Chiamandolo per nome: Ozigbo.
È arrivato in Italia il 29 maggio del 2016 ed è stato inserito nel programma di accoglienza, con destinazione al Felicioni Residence di Roseto. Ma è questione di poco, visto che due mesi dopo, il 18 luglio, viene trasferito al Centro accoglienza di Civitella del Tronto. Sei mesi dopo, anche in virtù del suo status di rifugiato politico, viene accolto dal Sai a Roseto, il Servizio Accoglienza e Integrazione che prevede l'accoglienza e la tutela di richiedenti, titolari di protezione internazionale e altri soggetti vulnerabili e che fornisce adeguato sostegno economico e sociale, per garantire almeno il minimo vitale. Ne uscirà, però, il 20 maggio del 2018… o meglio, se ne andrà, dopo essere stato denunciato dagli agenti del Commissariato di Atri, perché aveva sequestrato l’intera equipe della struttura.
Da quel momento in poi, di Ozigbo si perdono le tracce, fino a quando non compare a Teramo, nell’ottobre del 2020.
È possibile che, tra l’uscita dal Sai e la comparsa nel suo ampio monolocale dei portici del Banco di Napoli, abbia fatto una capatina a casa, in Africa, visto che il governo della Repubblica Federale della Nigeria emette, proprio nel 2020, un decreto di espulsione valido per tre anni. Impossibile, per noi, conoscerne i motivi, ma perché si adotti un provvedimento di espulsione triennale, da tutto il territorio dello Stato, certo si tratta di motivi seri.
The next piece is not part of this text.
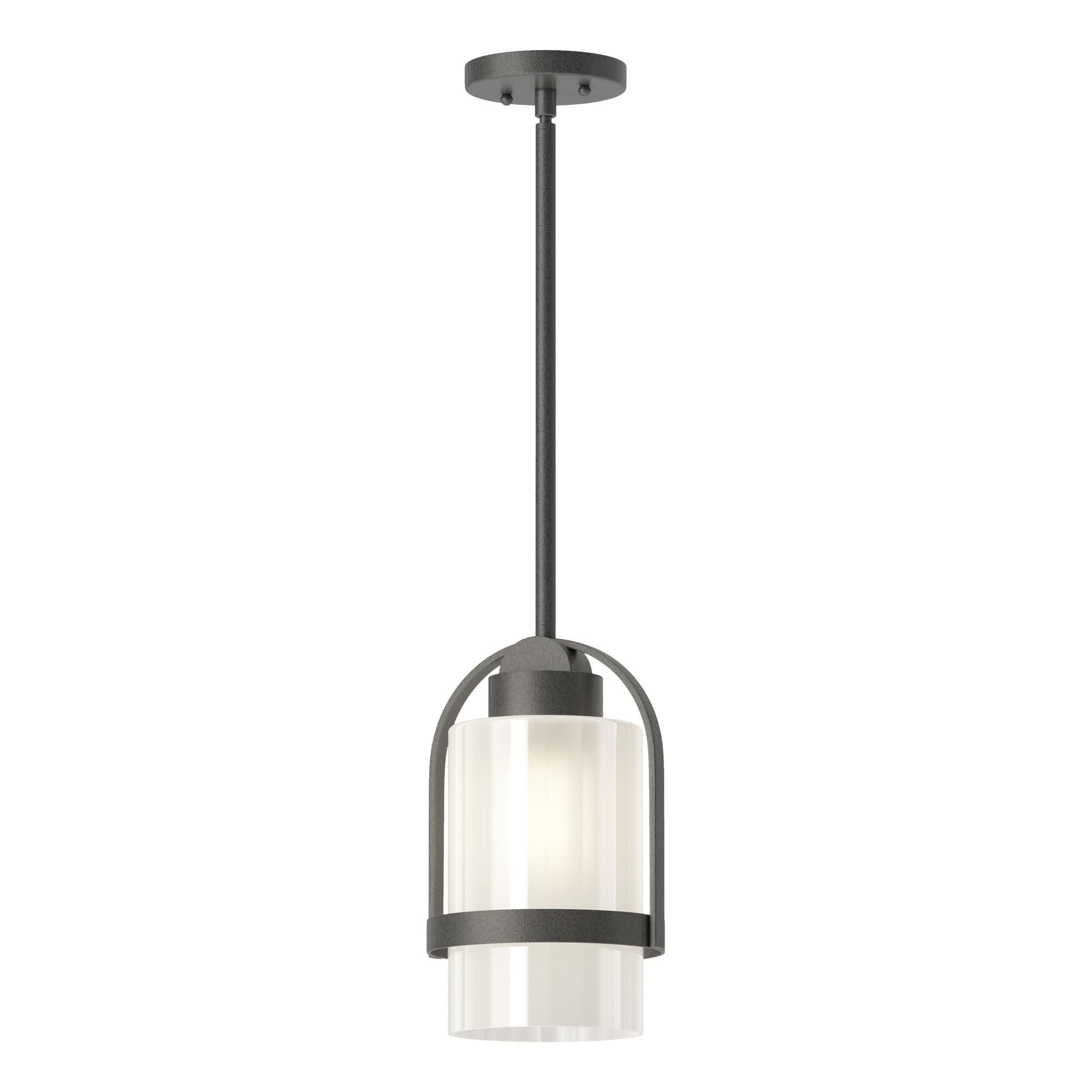 Alcove Outdoor Hanging Lantern by Hubbardton Forge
Torniamo a Teramo, dove Ozigbo vive di accattonaggio, distinguendosi però per comportamenti aggressivi nei confronti di chi gli nega l’elemosina. Comportamenti aggressivi, ma non violenti, fino a due anni fa, quando scatena una rissa con due avventori del Grand’Italia, con intervento del consigliere comunale Franco Fracassa e della Polizia (la foto è tratta da un video di Giancarlo Falconi).
Risultato? Arriva la denuncia (poi sarà anche processato) e un daspo urbano: non può stare sul territorio del Comune di Teramo fino a luglio 2025.
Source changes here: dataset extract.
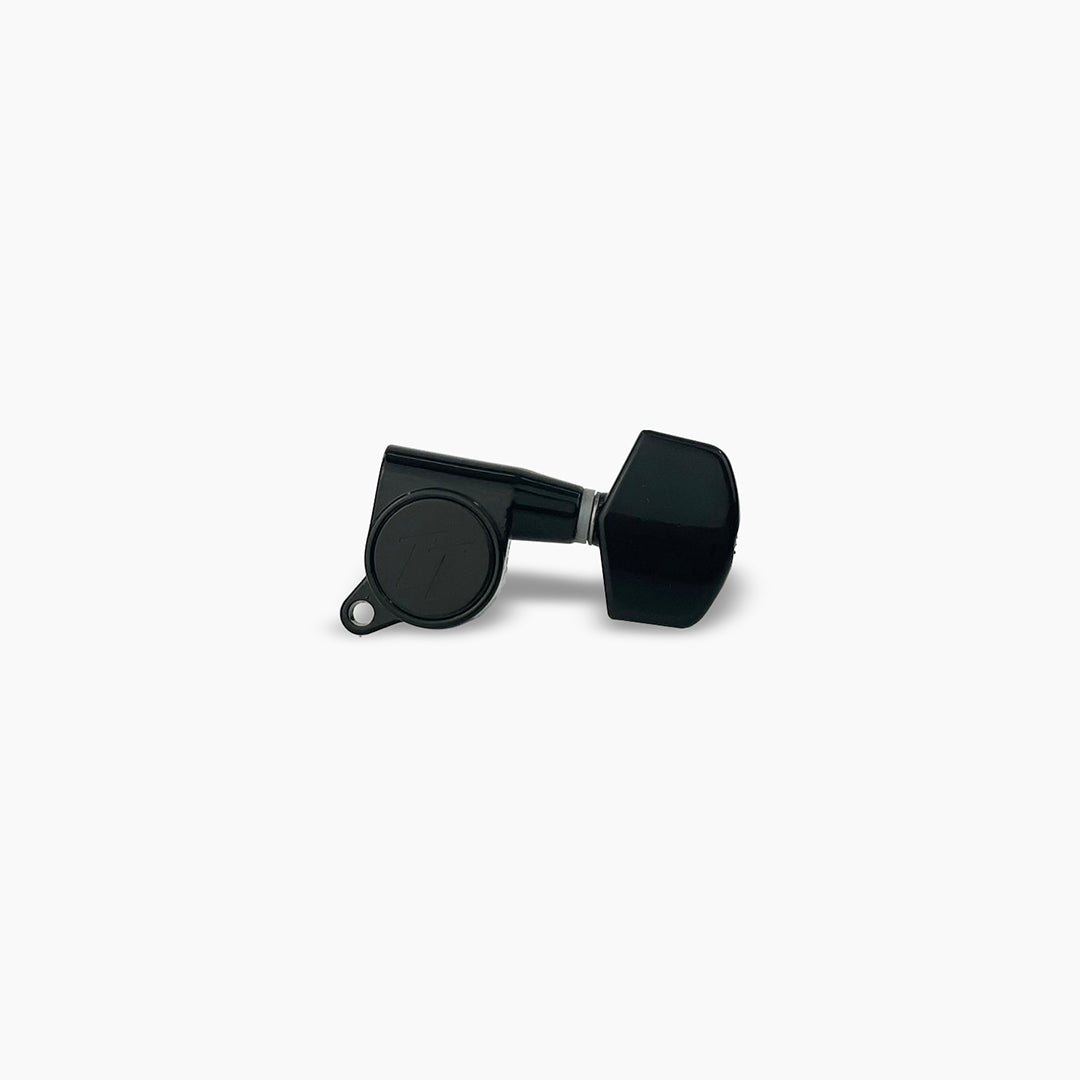 Allparts Top Tier single key front view black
Ovviamente, facendosi forte del suo stati di “rifugiato”, che gli concede una certa “protezione”resta.
E resta tutte le volte che gli rinotificano quel daspo.
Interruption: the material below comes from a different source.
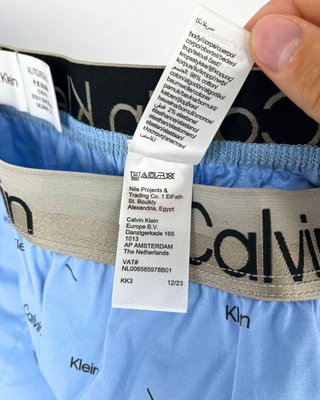 Boxer Calvin Klein XL USA Logo CK All-Over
E se magari, a volte, sembra allontanarsi, è una finta, perché torna subito dopo.
Non può essere “cacciato”, perché non ha alcuna residenza in Italia, quindi non lo si può “rimandare nel Comune di residenza”.
Quindi, seppur daspato, resta.
Anzi: completa “l’arredamento” del suo monolocale e, di fatto, fa dei portici del Corso la sua casa.
Inutili tutti i tentativi di trovargli una sistemazione diversa: non la vuole. Inutili tutti i tentativi di aprire con lui un percorso di inclusione, magari con l’avvio in qualche progetto di lavoro: non gli interessa. Inutili anche tutti i tentativi di offrirgli un’assistenza sanitaria, perché viene visitato il psichiatria, definito “caratteriale”, ma non presenta patologie da ricovero.
Vuole vivere sul Corso, e quando la situazione si complica, e si fanno più forti i controlli o i tentativi di allontanarlo da Teramo, allora inscena tutta una pantomima già vista: diventa arrendevole e collaborativo, fino a sciogliersi in pianti di disperazione, ma solo alla presenza di agenti in divisa, pervché quando si allontanano le divise, riprende l’arroganza strafottente dell’intoccabile.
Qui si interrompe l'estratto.